We've partnered with Certified Experts, Carl Webster and Richard Faulkner, to bring you two Citrix podcasts. Learn about 2020 trends and get answers to your biggest Citrix questions!Listen Now

x

Database Corruption in MS Exchange 2007 Databases...

DWTCIT
DWTCIT asked
on
Medium Priority
2,517 Views
Last Modified: 2012-05-06
Hi,

We are running a two node clustered mailbox configuration on Windows 2003 EE x64 SP2, MS Exchange 2007 SP1. We noticed that in the last week, several of our databases are getting corrupted we are having serious downtime on our email. The error which seems to be coming up in the Application Log most often is :

Event Type:      Error
Event Source:      ESE
Event Category:      Database Corruption
Event ID:      467
Date:            2/16/2009
Time:            10:57:43 AM
User:            N/A
Computer:      DWTCEXCMB2
Description:
MSExchangeIS (3560) Third Storage Group: Database U:\Third Storage Group\Mailbox Database 8.edb: Index Content Indexing Property Store Deleted Items index of table I-3-1 is corrupted (0).

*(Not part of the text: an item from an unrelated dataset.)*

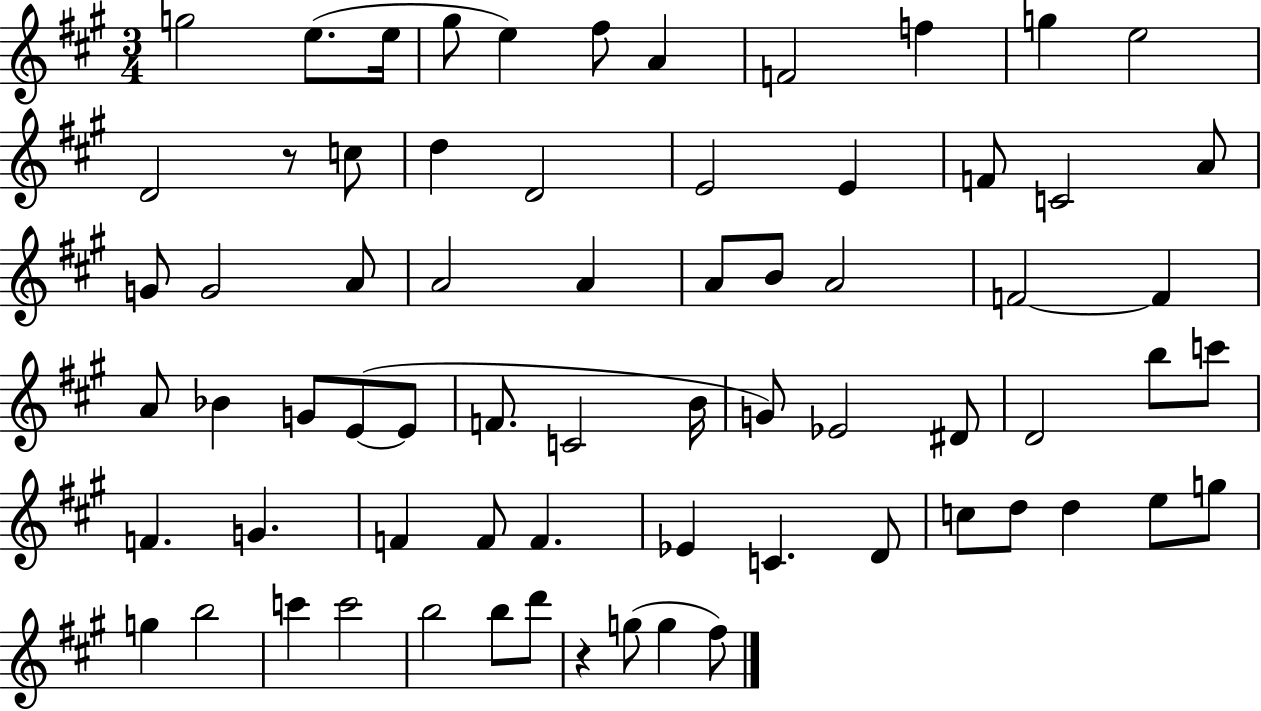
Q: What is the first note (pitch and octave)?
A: G5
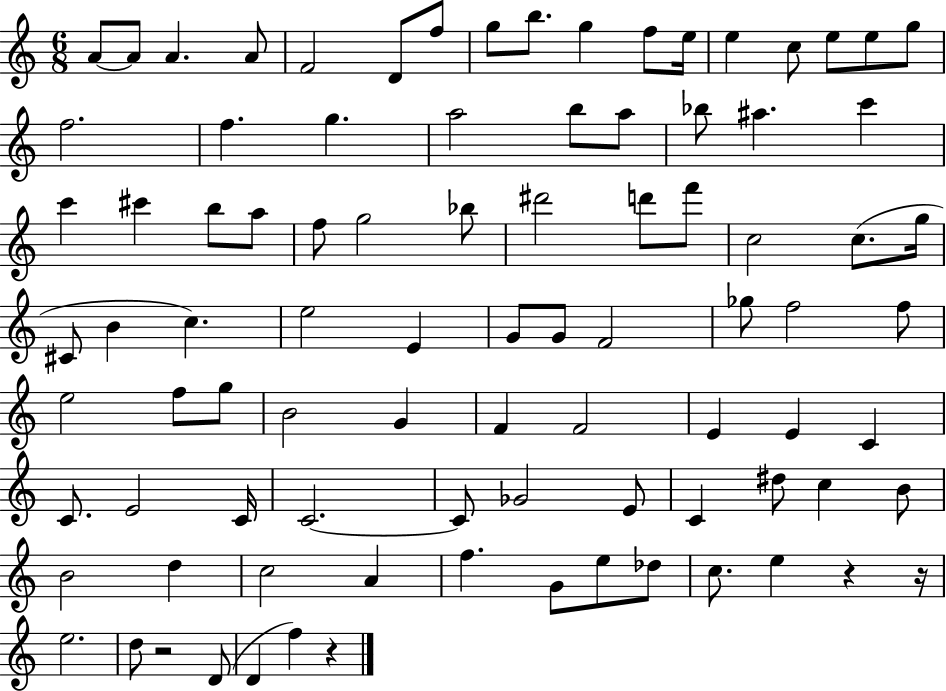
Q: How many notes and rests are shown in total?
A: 90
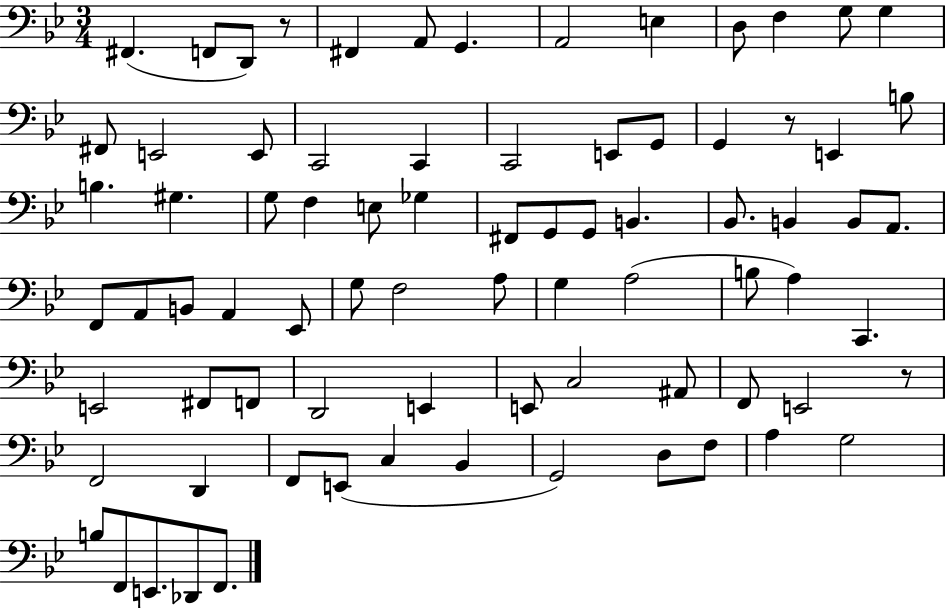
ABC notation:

For more information, click http://www.microsoft.com/contentredirect.asp.


We have 5 Storage Groups with more than 16 databases - total approximate size of Exchange DBs is about 1.4TB (yes it is huuuuge!).

We are repairing these databases with ESEUtil and we are able to recover them but it takes several hours and after that they get corrupted again or other databases get corrupted.

Any advice on where we should be looking to figure out this error message. There are hundreds of these messages in the event viewer.

Comment
Watch Question

SurajSenior System Engineer
CERTIFIED EXPERT

Commented:
Try to Follow this Microsoft Article...
http://support.microsoft.com/kb/329817

There are two ways to resolve this issue :
1)
we have to run ISISNTEG which will
help to remove logical corruption from database

2) create a new store and move all the maliboxes to that store.. and then discard this store...
The reason i said this is ... when we move mail box to a diff store.. it leaves behind all the corruption.
So the mailboxes which are moved would be perfectly clean with out corruption...

-x

Author

Commented:
Dear x-sam,

Thanks for your reply. We have tried both options separately and have had corruptions in same (and other databases) after these tasks were completed successfully.

Thanks for your help.
SurajSenior System Engineer
CERTIFIED EXPERT

Commented:

Perfect.. so is the issue resolved or u stil have any problem?

Author

Commented:
Hi x-sam,

No the problem is still there - the corruptions keep coming back after we completed the tasks you mentioned. We had tried these about two nights ago and the database was fine (clean) but the errors returned and db is now corrupted again :-(

Any other ideas?

Commented:
Sounds like a hardware (disk) or third party issue.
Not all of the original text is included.